Task goal: Using the listing below, output only the lines from the one that contains "Rohit was inserted" through the one that contains "So those are", inclusive, exactly as given and without images.

Exercise materials Block Start

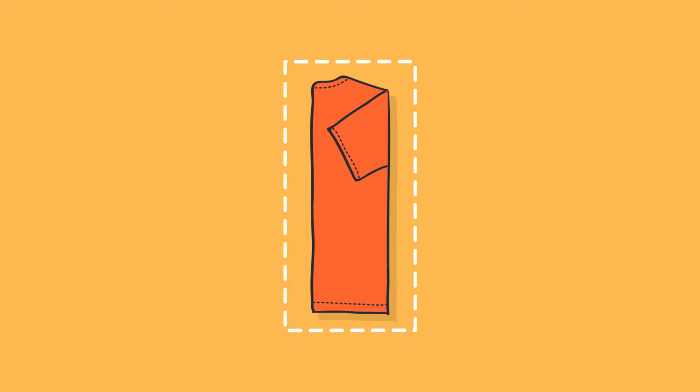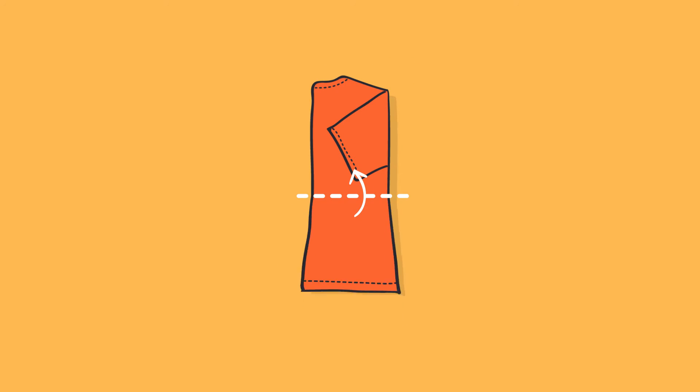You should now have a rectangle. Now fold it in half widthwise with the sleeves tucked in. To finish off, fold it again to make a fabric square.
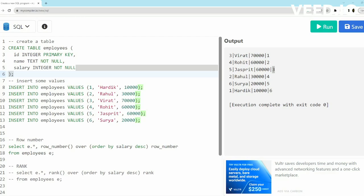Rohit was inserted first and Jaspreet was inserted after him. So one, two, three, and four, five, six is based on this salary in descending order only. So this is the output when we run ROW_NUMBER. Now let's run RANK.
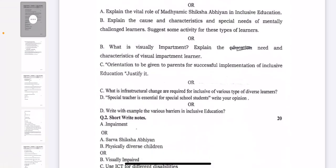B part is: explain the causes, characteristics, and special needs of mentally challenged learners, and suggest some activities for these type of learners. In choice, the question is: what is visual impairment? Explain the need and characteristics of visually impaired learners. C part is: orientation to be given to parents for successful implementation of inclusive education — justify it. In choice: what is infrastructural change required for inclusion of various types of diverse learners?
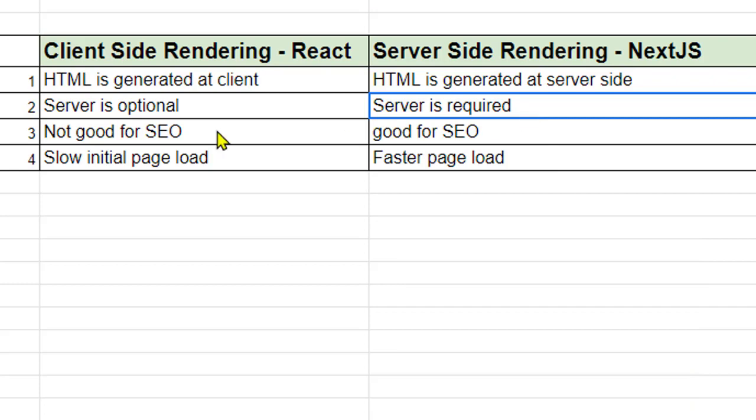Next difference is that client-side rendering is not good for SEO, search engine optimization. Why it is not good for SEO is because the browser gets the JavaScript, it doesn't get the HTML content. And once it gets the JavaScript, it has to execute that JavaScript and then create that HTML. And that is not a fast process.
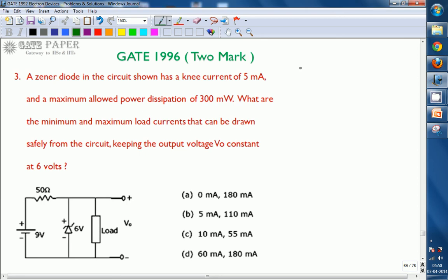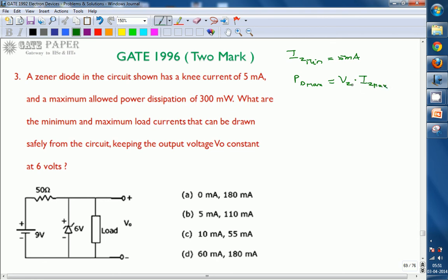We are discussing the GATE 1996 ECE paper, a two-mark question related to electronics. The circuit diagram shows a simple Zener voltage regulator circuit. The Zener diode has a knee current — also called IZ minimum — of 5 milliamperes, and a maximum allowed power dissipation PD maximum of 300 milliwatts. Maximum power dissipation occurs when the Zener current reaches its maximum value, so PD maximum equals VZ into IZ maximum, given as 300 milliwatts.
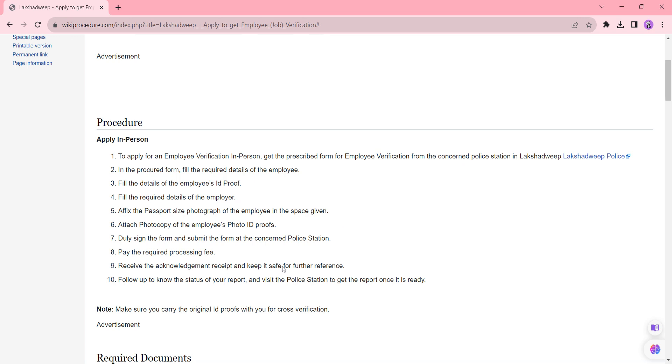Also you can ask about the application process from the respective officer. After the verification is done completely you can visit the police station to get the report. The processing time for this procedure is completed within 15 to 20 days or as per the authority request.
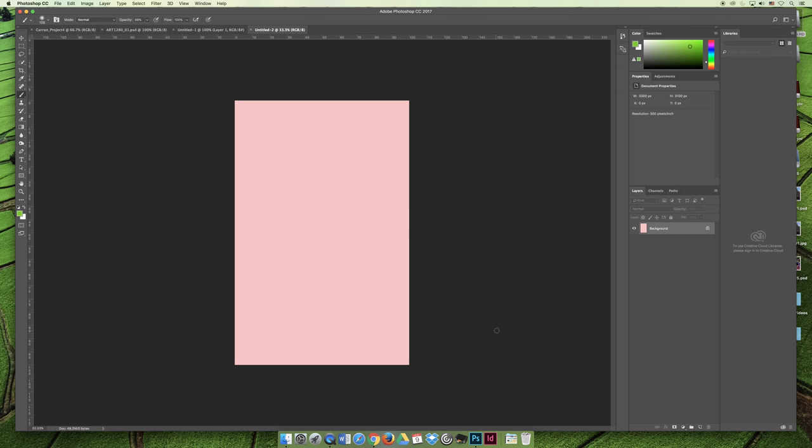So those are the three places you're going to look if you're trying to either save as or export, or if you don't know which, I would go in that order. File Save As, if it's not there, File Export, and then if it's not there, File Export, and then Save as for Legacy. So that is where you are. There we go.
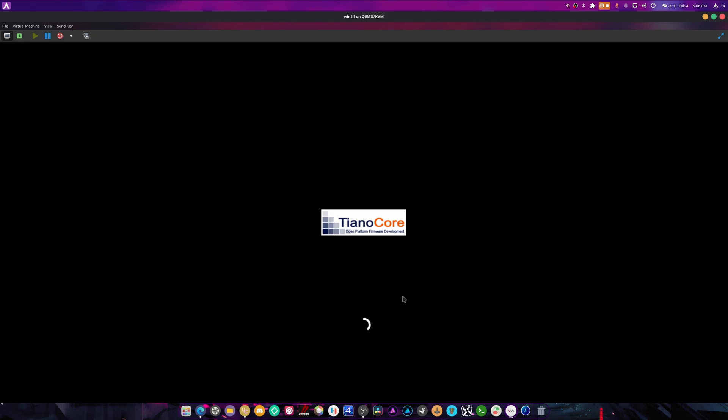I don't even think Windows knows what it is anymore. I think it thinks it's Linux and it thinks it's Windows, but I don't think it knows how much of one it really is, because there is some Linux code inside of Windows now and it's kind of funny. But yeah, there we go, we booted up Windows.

Exercise materials Block End

Output for this exercise:
Rohit was inserted first and Jaspreet was inserted after him. So one, two, three, and four, five, six is based on this salary in descending order only. So this is the output when we run ROW_NUMBER. Now let's run RANK.
B part is: explain the causes, characteristics, and special needs of mentally challenged learners, and suggest some activities for these type of learners. In choice, the question is: what is visual impairment? Explain the need and characteristics of visually impaired learners. C part is: orientation to be given to parents for successful implementation of inclusive education — justify it. In choice: what is infrastructural change required for inclusion of various types of diverse learners?
Next difference is that client-side rendering is not good for SEO, search engine optimization. Why it is not good for SEO is because the browser gets the JavaScript, it doesn't get the HTML content. And once it gets the JavaScript, it has to execute that JavaScript and then create that HTML. And that is not a fast process.
We are discussing the GATE 1996 ECE paper, a two-mark question related to electronics. The circuit diagram shows a simple Zener voltage regulator circuit. The Zener diode has a knee current — also called IZ minimum — of 5 milliamperes, and a maximum allowed power dissipation PD maximum of 300 milliwatts. Maximum power dissipation occurs when the Zener current reaches its maximum value, so PD maximum equals VZ into IZ maximum, given as 300 milliwatts.
Also you can ask about the application process from the respective officer. After the verification is done completely you can visit the police station to get the report. The processing time for this procedure is completed within 15 to 20 days or as per the authority request.
So those are the three places you're going to look if you're trying to either save as or export, or if you don't know which, I would go in that order. File Save As, if it's not there, File Export, and then if it's not there, File Export, and then Save as for Legacy. So that is where you are. There we go.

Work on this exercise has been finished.